The first type is what I consider “small talk.” This conversation is merely meant to pass the time. It is intended to avoid awkward moments when two people are suddenly confronted with each other, and there is a need to ease the situation. It concerns neutral subjects, such as politics, sports or the weather. It is supposed to be impersonal, although it can deal with one’s personal circumstances, such as one’s job or school. One should not make the mistake, however, of boring the other party by revealing or confiding one’s problems.
This kind of talk is appropriate for cocktail parties. During these events, one talks to every person in turn, by conversing about one’s background and matters of general interest. In this manner, each gets to know a little something about each person in the room. And, if somebody is interesting enough, it may lead to a friendship.
Small talk may easily degenerate into the second type of conversation, gossip. It concerns talk about other people’s circumstances, but in a way that disparages or ridicules them. One talks ill of other people, in other words. Gossip easily develops into rumor, which eventually may become gospel truth to those who have heard it. It has been the vehicle for the often undeserved ruination of many a reputation.
It reflects the basest part of human nature, and is a feature of those who take delight in other people’s misfortunes. Their lives perhaps are so empty that they need to belittle others so as to be comforted.
There is a variant of gossip, which I refer to as “clever talk.” In this third type of conversation, others, too, are ridiculed, but it is not meant seriously, but in a tongue-in-cheek manner. It is a form of humor making, in other words. Everything and everyone are subject to witty criticism and nothing is sacred in this type of conversation.

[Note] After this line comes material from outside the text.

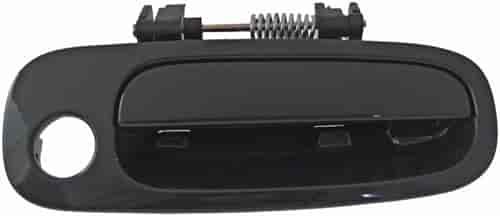 Exterior Door Handle Front Right Smooth Black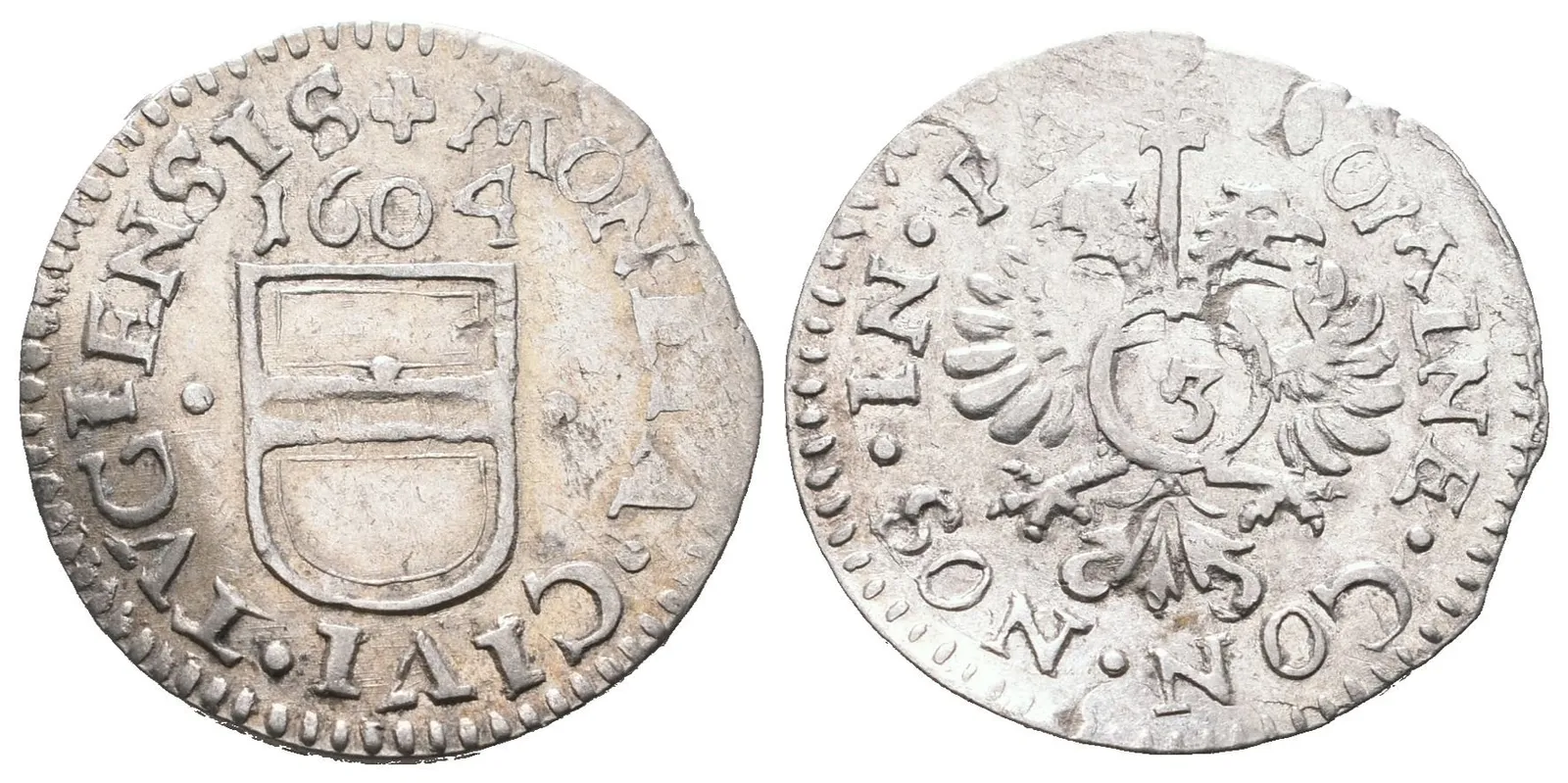 Švýcarsko-Zug, 3 Krejcar 1604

The best example of clever talk is Oxbridge High Table conversation between college fellows. There, the art of witty conversation is practiced as a fine art. I recall one of those conversations when I attended a High Table dinner at Merton College, Oxford, my alma mater, to which my tutor had invited me. He had reached into his breast pocket of his suit and took out a plastic bag. Then he cut his steak into half and put one of the halves into the bag, at the same time remarking, “My wife and dog will be pleased tonight!”
Finally, there is the conversation that I refer to as “soul talk.” This is a rare form of conversation, when one communicates to the other from the deepest part of one’s being. Here, one makes oneself vulnerable because in spilling one’s guts, one opens oneself to rejection. Here there are no pretenses, just complete openness.

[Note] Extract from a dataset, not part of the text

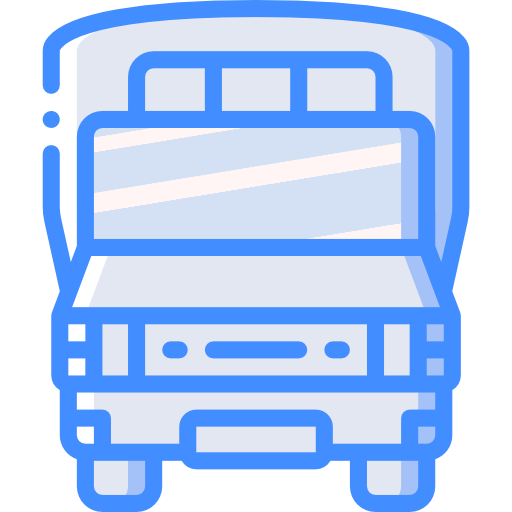 School bus Basic Miscellany Blue icon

This rare form of conversation may be found in moonlit nights at the beach, or even drunk at the bar. For some need the stimulation of intoxication to open up. But whatever the situation or the cause, if it happens, it is a truly wonderful experience, and it may lead to a romantic relationship or a lasting friendship. For in that joyful moment of communication, one truly connects with the other and one feels at one with the universe.

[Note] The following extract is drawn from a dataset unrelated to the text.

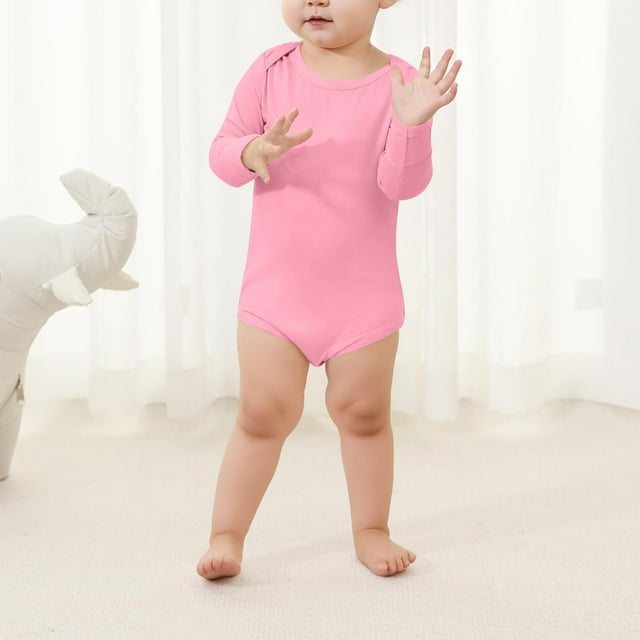 Cowsor Baby Cotton Spandex Long-Sleeve bodysuits unisex boy girl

Life is not meaningful without this form of conversation. For no man is an island, and the need to connect with the other is not only fulfilling but fundamental. Without it, one loses one’s humanity. No friendship or marriage can exist absent it. For it sustains and nourishes, and renders life bearable to those who exist in unfortunate circumstances and all the more enriching to those whose lives are already blessed with joy and happiness.